I’m not sure if I have time for a polished blog post before going off on adventures (today is a free day and my friends have planned to visit Osaka, Nara and a fantastic store in Kyoto, it’s gonna be pretty busy!) but I figured while I have a moment I’ll jot down/ copy out of my paper journals some reactions to our visit to Hiroshima yesterday. You’d have to be blind or shockingly uneducated to not be aware that Hiroshima is the city where the United States dropped the first Atomic bomb back in 1945, and that the destruction was complete, brutal, and terrifying. It was a pretty emotionally traumatic day, and here are the notes I jotted down while visiting:
After seeing the A-Bomb Dome:
I’ve seen ruins before. I’ve seen Pompeii, which was destroyed by a volcano, and the Coliseum which was destroyed by time. I’ve seen the effects of flood and hurricanes. I’ve seen buildings left to crumble because their repairs couldn’t be afforded. But I had never seen the direct results of war until today. Even the Holocaust Museum in Washington, DC is just a replica, not real like this. The A-bomb dome, a building hollowed out close to the epicenter of the explosion, (#), is a real building where real people worked and died, incinerated by the blast less than 500 feet away. It’s one of a handful of buildings that was still standing in downtown Hiroshima. According to Wikipedia, the radius of total destruction was one mile, with fires spreading 4 more miles, decimating about 70% of the city’s structures in one fells swoop. This is a reminder of an atrocity that my country committed against this one, of how evil humans are with no thought for the humanity of others. I am ashamed to be the same species and nationality as the people that did something like this.
Between the A-Bomb Dome and the Hiroshima Peace Memorial Museum there were two or three monuments to children who were killed in the blast or from resulting radiation sicknesses. They featured millions of paper cranes (#). Inspired by a belief that folding 1,000 of these cranes would make a wish come true, Sadako Sasaki (main character of the book Sadako and the Thousand Paper Cranes) and other leukemia patients began to fold thousands of them, their only wish being to live. To this day (# these were dated the day of our visit) students fold thousands of cranes and hang them in these memorials, as a way of honoring those innocent lives. There is also an eternal flame that will burn until all nuclear weapons are disarmed, which my friends and I could only shake our heads at, hoping and praying that it would be extinguished in our lifetime, but knowing that is unlikely.
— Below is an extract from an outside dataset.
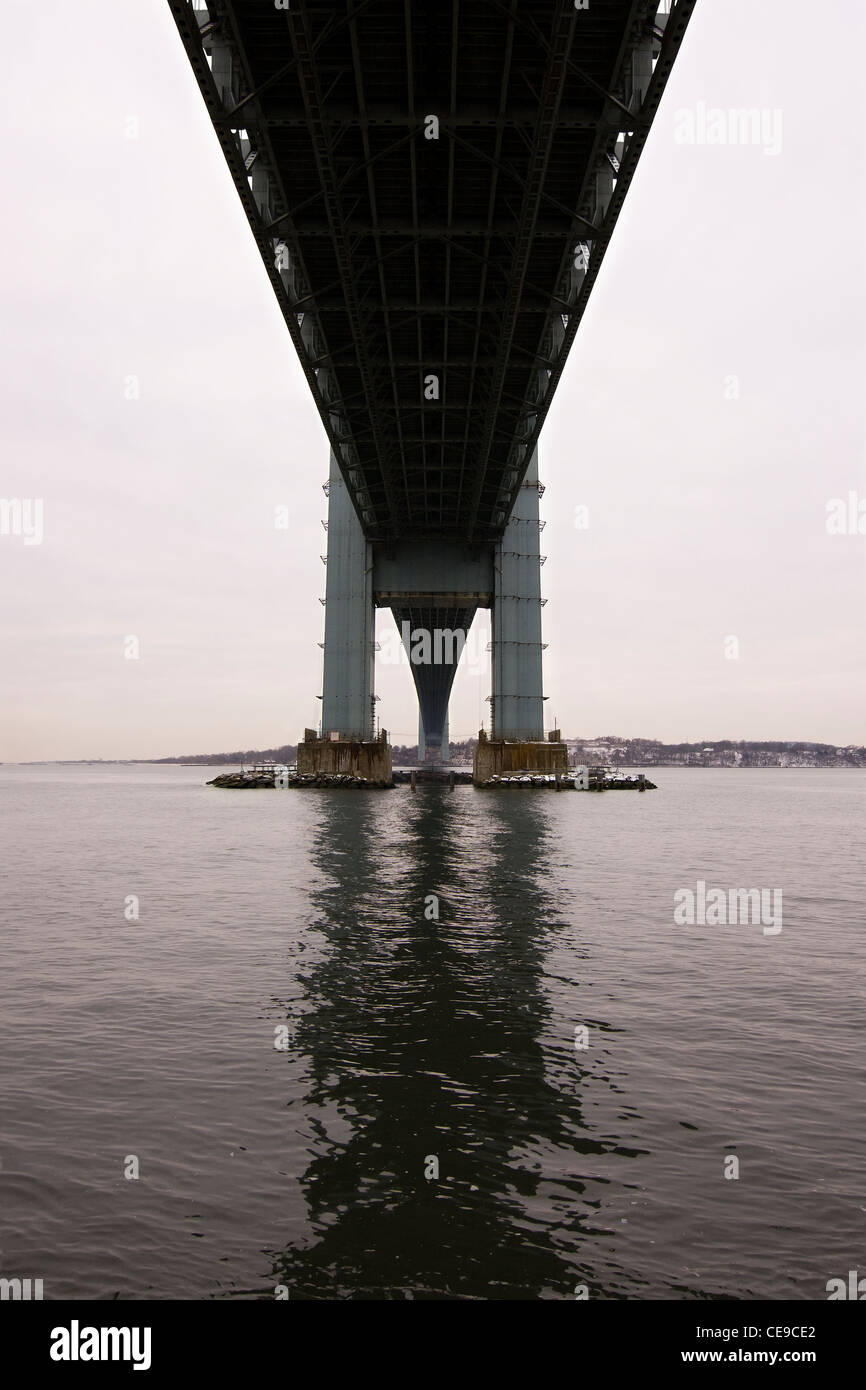Abstract. Al di sotto del lato Brooklyn del Verrazano-Narrows sospensione ponte nella città di New York Foto Stock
Written just outside of the Hiroshima Peace Memorial Museum:
I knew it wouldn’t be fun. I wasn’t expecting a particularly happy scene. I’ve been to the Holocaust Museum in Washington, DC, but that is thousands of miles from the tragedy it represents. This museum is less than a mile from the epicenter of the bombing. Seeing the charred school uniforms of children killed by the bomb, the pieces of buildings burnt and melted, while standing where these things were found was unbelievably difficult. Reading testimonies of people, many of them my age or younger, who saw their whole families suffer and die from the explosion and radiation, made me break down in tears. A whole exhibition of these stories and the items that accompanied them was the most painful thing I’ve seen in a very long time, if not my whole life. I can’t begin to fathom a piece of a burnt school uniform or a lock of charred hair (or the bicycle a young boy was riding when he was incinerated, #) being the only token I have to remember my whole family by. The suffering, the agony these people went through…. One of the predominant thoughts in my mind was “I hate being American, I feel like a monster.” However, this museum thankfully wasn’t aimed at vilifying Americans, it was aimed at exposing the horrors of nuclear war and encouraging visitors to fight for disarmament.
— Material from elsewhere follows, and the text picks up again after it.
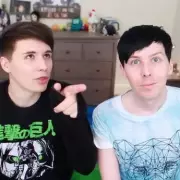 The 2010s Style Revival: Why Almha Murphy Says This Decade's Fashion Is Making a Major Comeback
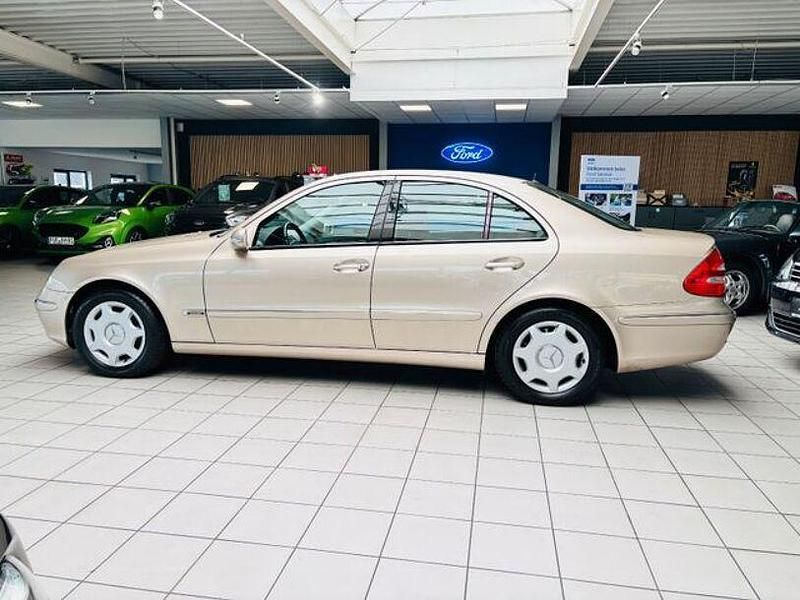 Gebraucht Mercedes E230 Elegance 177 PS (130 kW) 2002 Beige Limousine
Written the day after the visit:
Although seeing Hiroshima and especially the artifacts from the victims was incredibly, unbelievably painful, I understand why this visit was necessary. I find it difficult to believe that anyone with a soul, after seeing these kind of things, could ever make or support the decision to drop another nuclear bomb. Over 53 million people have seen the museum since its’ founding in 1955, and while I wouldn’t exactly hop on the train to go see it again today, I am glad I went.
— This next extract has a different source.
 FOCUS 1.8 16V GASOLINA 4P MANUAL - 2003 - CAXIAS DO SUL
Here’s a thought…. can we just send the presidents/ rulers of the US, India, Pakistan, Russia, France, the UK, China, and North Korea (I think that’s all the countries with nuclear weapons) to this museum together? And then at the end, have a treaty for disarmament ready for them to sign…. If it weren’t for how complicated and messy politics are, if it was only based on the humanity of the leaders, I’d be certain it would work.